Seismic data signals are typically acquired by measuring and recording data during a seismic survey. A seismic survey may be performed by repeatedly firing an impulsive seismic energy source at the surface of the earth, sea or seafloor and recording the received signals at a set of receivers. The receivers may typically be situated at the same surface as the source, but laterally displaced on regular grid positions. However, there may be situations where a non-regular distribution of the receivers is preferred or where the source and the receivers may be positioned at different depth levels. In a typical seismic survey, the source and the receivers may be displaced at fixed intervals (e.g., 25 meters) and in a certain direction (e.g., the “inline” direction). During the seismic survey, the cycle of firing the source and recording the received signals may be repeated a plurality of times. When firing the seismic source, a pressure wave may be excited and propagate into the subsurface. The pressure wave reflects off interfaces between various earth layers (such as rock, sand, shale, and chalk layers) and propagates upwardly to the set of receivers, where the particle velocity of the wave vibrations or the pressure oscillations of the wave may be measured and recorded. The strength of the reflected wave is proportional to the amount of change in elastic parameters, e.g., density, pressure velocity, and shear velocity, at the respective interfaces. Consequently, the data recorded by the receivers represents the elastic characteristics of the subsurface below the receivers. In order to arrive at volumetric images of the subsurface, the recorded signals may be processed to reduce noise and to focus and map the seismic signals to the points where the reflections occurred.
The recording of a single inline survey may commonly be referred to as a 2D seismic survey, whereas a plurality of inline or 2D surveys may commonly be referred to as a 3D seismic survey. Often, two or more 3D seismic surveys may be obtained from the same subsurface area at different times, typically with time lapses ranging from about a few months to a few years. Such surveys may commonly be referred to as time-lapse surveys. In this manner, seismic data may be acquired to monitor changes in the subsurface reservoirs caused by the production of hydrocarbons.

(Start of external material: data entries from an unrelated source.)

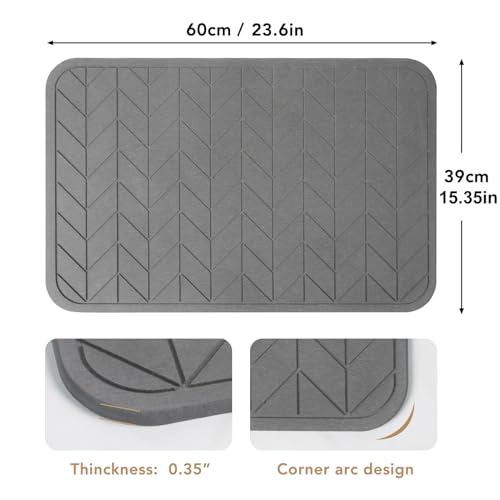 Stone Bath Mat, Diatomaceous Earth Shower Mat, Non-Slip Super Absorbent Quick Drying Bathroom Floor Mat, 2 Pack, Grey - color: Dark Grey 2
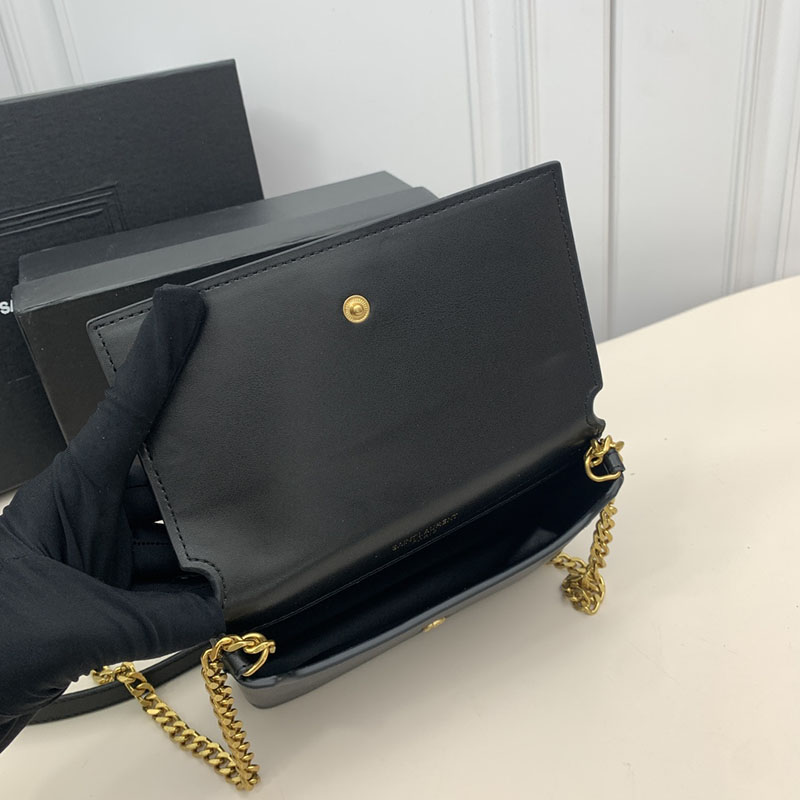 N品 YSL サンローラン ミニバッグ ストラップ付きフォンホルダー “モノグラム” ブラック 6350950U40J1000 カーフスキンレザー ゴールド金具 - 画像 (3)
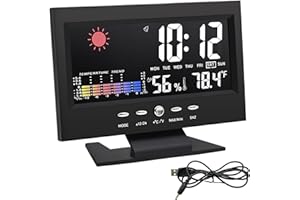 Weather Station Indoor Outdoor, Digital Color Display Weather Clock with Temp, Humidity, Calendar, Wireless Indoor Outdoor Th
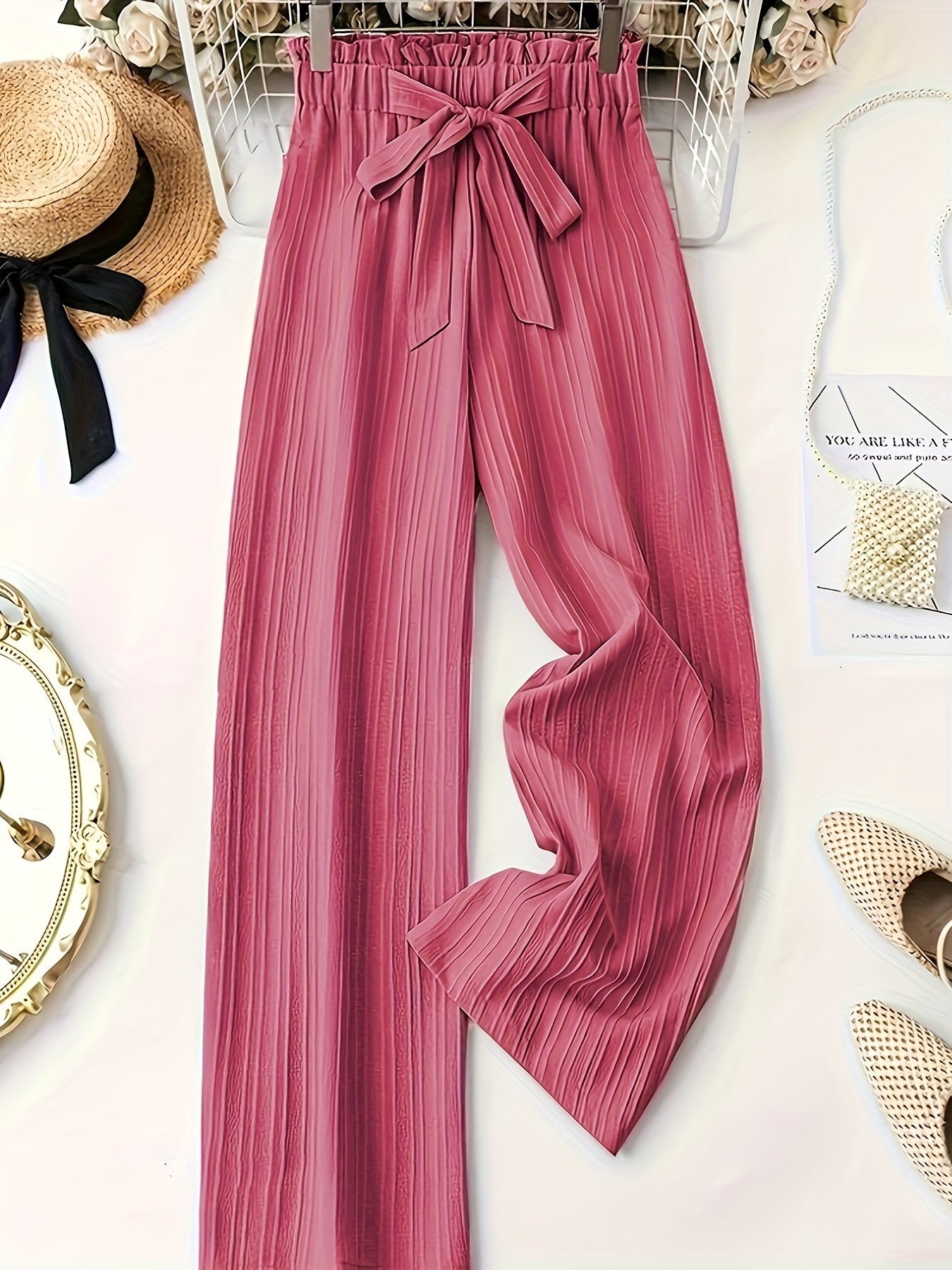 3pcs Women'S Elegant Solid Color Striped Long Pants with Bow Detail - Comfortable Loose Fit, Elastic Waistband, Perfect for Spring & Summer Casual Wear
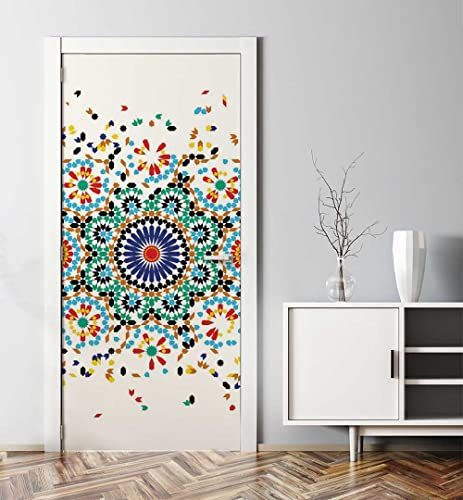 MyMaxxi - Tür bekleben mit Türtapete Türposter Türfolie Selbstklebend 90x200 buntes Retro Konfetti Muster - Tür verschönern Türaufkleber Türklebefolie Abstrakt bunt blau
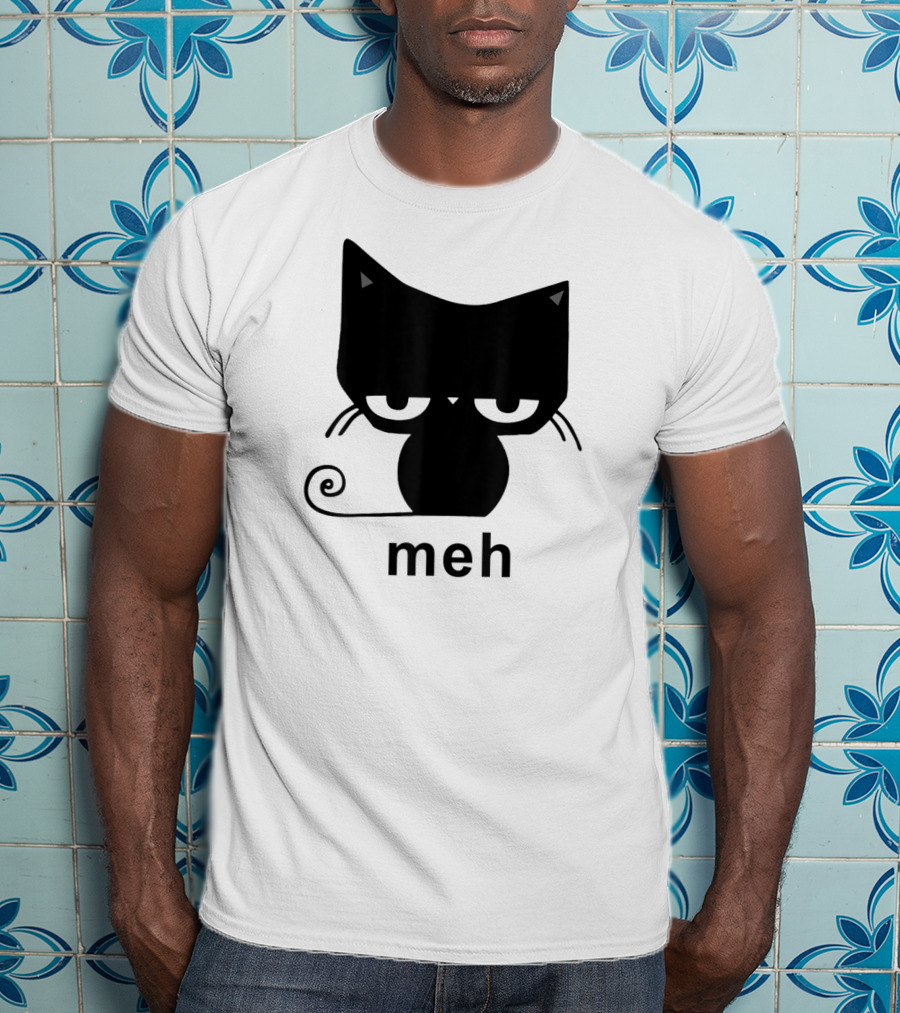 Meh Black Cat Funny For Cat Lovers Lazily Expressive Cat Enthusiast Humor T-Shirt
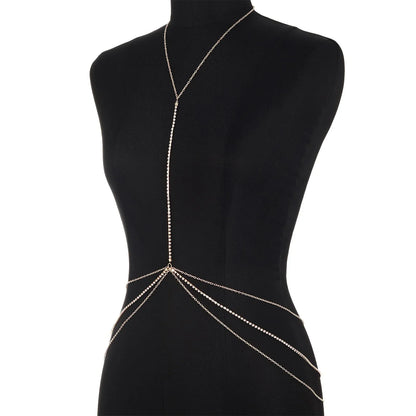 Sexy Body Chains for Women Rhinestone Bikini Chest Bra Chains Body Jewelry Fashion Summer Accessories
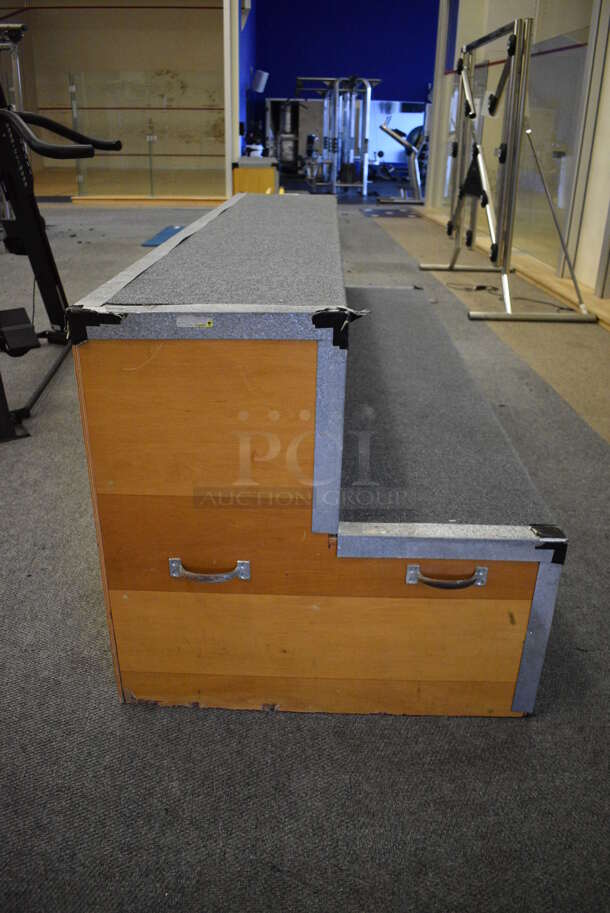 Carpet and Wood Pattern 2 Tier Bleacher / Riser. BUYER MUST REMOVE. 96x38x36. (lobby) - Image 3 of 5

In a time-lapse survey when two seismic data traces are compared, two factors may change, i.e., the receptivity and the signal two-way travel time within the reservoir. When considering a seismic data set, the receptivity may be the amplitude of the seismic signal along one axis and the two-way travel time may be the time along the other axis. When analyzing the time-lapse survey, it may be desirable to discriminate between amplitude changes and two-way travel time changes or time shifts. A displacement field describing the time shift may be calculated and applied to one of the surveys.
In recent years, time-lapse seismic surveys have emerged as an important new prospecting methodology. One purpose of a time-lapse seismic survey may be to monitor changes in the seismic data signals that may be related to detectable changes in geological properties, such as fluid fill, propagation velocities, porosity, density, pressure, temperature, settlement of the overburden and the like. Analyzing these changes together with petroleum production data may assist in understanding the complex fluid mechanics of the system of migration paths, traps, and draining or sealing faults making up a hydrocarbon reservoir. Such knowledge may provide information regarding how to proceed with the exploitation of the field, such as where to place new production wells to reach bypassed pay, where to place injectors for enhanced oil recovery and the like. In the case of deciding where to place well trajectories, the situation in the reservoir overburden may become of interest as well. It may be desirable to know the in situ stress field and especially over-pressured zones to avoid well breakdowns. All this information may help produce a maximum quantity of hydrocarbons from the hydrocarbon reservoir at a minimum of cost. Accordingly, an improved method for processing time-lapse data and arriving at a better difference image may be desirable.